В принципе каждый из моих спутников жизни заслуживает солидной монографии. К сожалению, сегодня людей с такой неземной энергетикой, какой обладали гении шестидесятых типа Губанова, Зверева и еще многих – уже не осталось. Поэтому по устным рассказам невозможно представить всю мощь их харизмы.

– Какое влияние имел алкоголь на твою жизнь и твою работу? Рассказывая и о Южинском, и о журналистском периодах своей жизни, ты вспоминаешь, что пил тогда круглосуточно.

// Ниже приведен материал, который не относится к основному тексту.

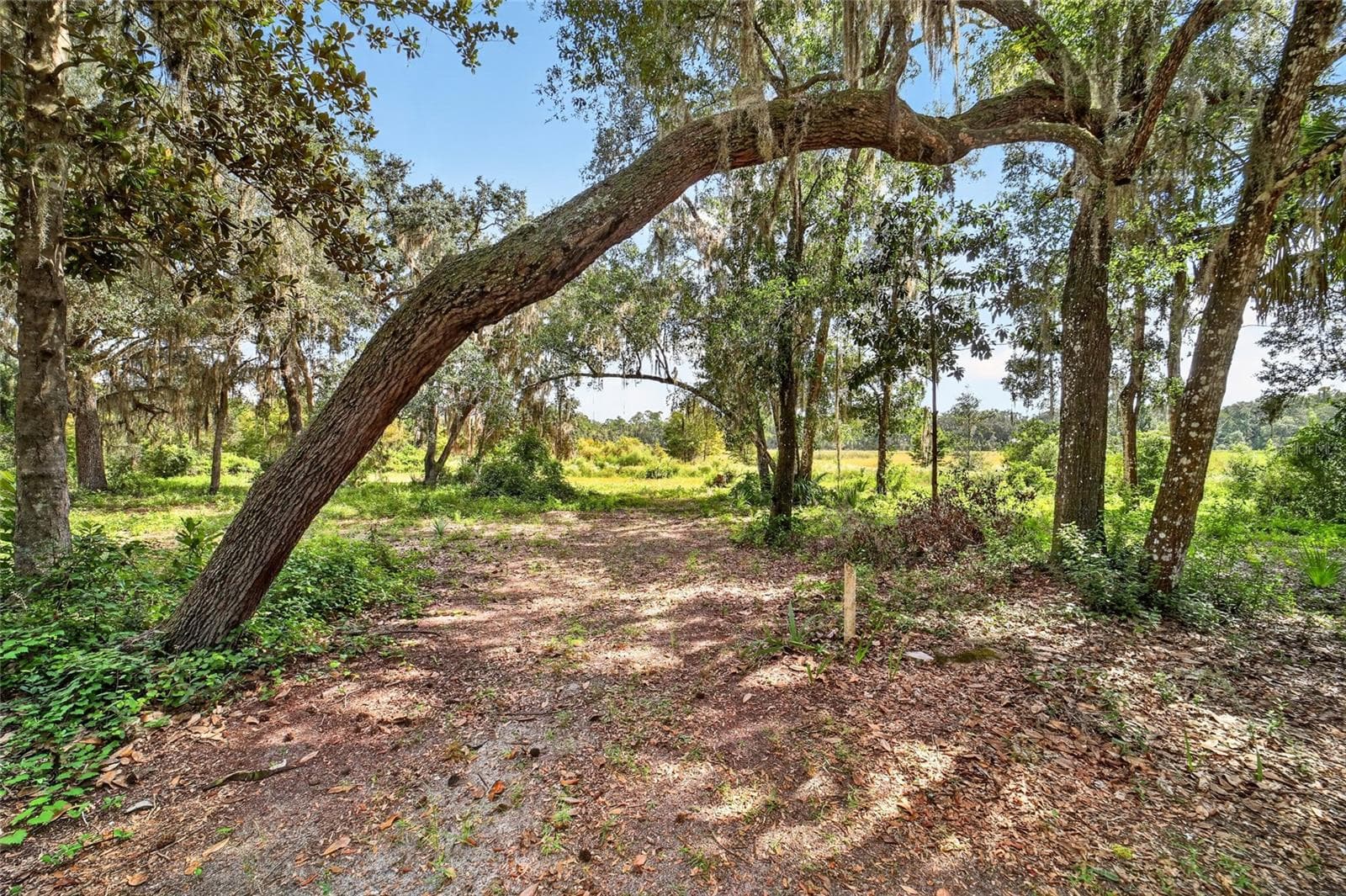 Land at 5686 E HIGHWAY 316, CITRA, photo 24 of 42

– В богеме иначе было невозможно. Там пили все. А метафизики пили в несколько раз больше. Представь себе – перед тобой открылся совершенно фантастический мир, который не имел ничего общего с окружающей советской действительностью – и к тому же был ей радикально альтернативен. Было от чего сойти с ума. Недаром в андеграунде правили бал люди, с точки зрения советского обывателя, не совсем адекватные. И все круглосуточно пили – в том числе чтобы заглушить страх перед вездесущими органами – ведь мы же как-никак занимались запрещенными вещами. Во-вторых, чтобы притупить остроту впечатлений от встречи с новым искусством, которое больно било по мозгам и психике. И уж слишком разителен был контраст между царившими в богеме вседозволенностью и раскрепощенностью и ханжеской строгостью советского социума с его бесконечными ограничениями. В-третьих, алкоголь расширял сознание, открывая его для космических идей и энергий. Да и сама атмосфера обязывала. Если кругом пьют, то и ты поневоле подключаешься. А когда я начал работать в периодике, то там вообще не просыхали. Утром приходили на работу. Разливали водку, выпивали по стакану и шли на летучку. После летучки еще по стакану – и за работу. В обед – стакана по два. И так целый день. Вечером – в Домжур, ЦДЛ или ВТО. Утром – все сначала.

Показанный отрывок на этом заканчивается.